Further questioning establishes the possibility of using different expressive forms in making monuments. These forms can and do have meanings. If we look closely at the purpose of each of the monuments, who and what they are for, we can begin to understand how these expressive forms work. One student remarks that Columbus took a large risk when he sailed into a then unknown and uncharted ocean. Someone else contributes the fact that David Wooster was a general and must have possessed qualities of leadership. Finally, another student says that these men who are remembered here by this boulder made a sacrifice.
There is quiet now for a few minutes. I break the silence posing the possibility that these three expressive forms have been used to convey three separate qualities. The geometric has been used to express leadership, “And sacrifice, too. Wooster was in the army,” emerges from one of the boys. One of the girls now adds, “The figurative was used to show discovery and risk.” Finally, I conclude that the natural was used here to express sacrifice. It is important to indicate that these qualities are not inherent in these expressive forms. Perhaps, one can juxtapose the qualities and these forms to create a monument that expresses discovery through a geometric mode, or leadership with a natural object, or sacrifice through a figurative statue.
While the students are expressing their agreement, I think about wanting to convey something other than these differences. After a brief pause, I ask, “ How are these monuments the same?” “There all made out of rocks,” one student offers. “And they will all last a long time,” says another. “Permanent,” I substitute, suggesting that this is an important aspect of all monuments.
We return now to the other two monuments to follow up on the ideas we discussed about the relationship of the monuments to the remainder of the park. Here we find the obvious separation of the monuments by the use of fences and a border of flowers. We must also look at how the manmade objects relate to the parts that these fences have cut out, and to the floral arrangements within this area. In the Wooster marker the scale of the obelisk is in harmony with the entire ensemble, taking advantage only by its vertical projection. It cooperates with the plants and the enclosure to blend in an array that characterizes all three elements as the monument. On the other hand, the Columbus statue rises high above the fence, the base, and, most emphatically, above the flowers. It dominates the area cut out by the fence. Together with the large base and the closeness of the fence to its bottom it reduces the plantings to appear more like wreaths placed around the base, rather than an organic and equal element in the monument.
Having made this comparison, we begin our return to the school. I overhear the students’ comments: “This place is like a cemetery.” “I think it’s more like a museum.” “Maybe parks are just good places to put monuments,” I interject.
I speculate further that this entire park is a monument. Physically, there are similarities with the monuments we have studied. There is a fence around it; there are plantings; and there are even manmade objects, like the benches and the water fountain. Maybe, there is even some similarity of purpose. This park can be received as a living monument to past events and to the memories of people. It also meets present needs of people.

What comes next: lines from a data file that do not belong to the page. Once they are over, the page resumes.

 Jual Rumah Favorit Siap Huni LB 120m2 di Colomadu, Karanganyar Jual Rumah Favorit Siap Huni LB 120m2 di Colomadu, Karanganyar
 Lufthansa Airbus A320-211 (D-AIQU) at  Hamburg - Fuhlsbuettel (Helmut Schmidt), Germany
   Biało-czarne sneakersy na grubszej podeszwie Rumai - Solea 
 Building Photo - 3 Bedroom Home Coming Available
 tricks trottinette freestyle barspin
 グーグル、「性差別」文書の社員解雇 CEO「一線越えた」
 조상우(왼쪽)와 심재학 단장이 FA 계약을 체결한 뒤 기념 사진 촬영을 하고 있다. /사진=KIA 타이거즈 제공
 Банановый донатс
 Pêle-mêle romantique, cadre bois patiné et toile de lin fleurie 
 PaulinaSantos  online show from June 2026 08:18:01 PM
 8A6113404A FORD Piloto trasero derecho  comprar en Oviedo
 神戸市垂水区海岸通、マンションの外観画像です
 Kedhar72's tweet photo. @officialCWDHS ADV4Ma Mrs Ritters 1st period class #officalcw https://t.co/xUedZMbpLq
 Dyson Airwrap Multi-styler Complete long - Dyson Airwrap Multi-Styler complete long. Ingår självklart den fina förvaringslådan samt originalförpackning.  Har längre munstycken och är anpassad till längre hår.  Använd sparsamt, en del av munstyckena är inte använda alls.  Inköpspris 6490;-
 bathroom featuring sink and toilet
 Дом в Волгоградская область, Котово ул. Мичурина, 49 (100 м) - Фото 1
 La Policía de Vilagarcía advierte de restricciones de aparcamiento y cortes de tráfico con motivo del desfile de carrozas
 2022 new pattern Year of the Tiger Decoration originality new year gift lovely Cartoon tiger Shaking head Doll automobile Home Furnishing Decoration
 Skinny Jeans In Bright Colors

Citizens come here to relax, enjoy, and share a tamed nature. This greens pace, this living void within the surrounding mass of buildings may be compared to the challenge of the vast expanse of sea of Columbus’ time, or associated with feelings of separation from one’s country, or akin to the uncertainty which accompanies the establishing new political traditions. Or even, an oasis from the grief and anxiety attached to the sacrifice required to maintain these traditions. We leave this park having experienced its separation, recognizing this sacrifice of valuable urban land to our wellbeing. We have been renewed by our study of the past and finally with our connection to nature. I have been dreaming. New Haven.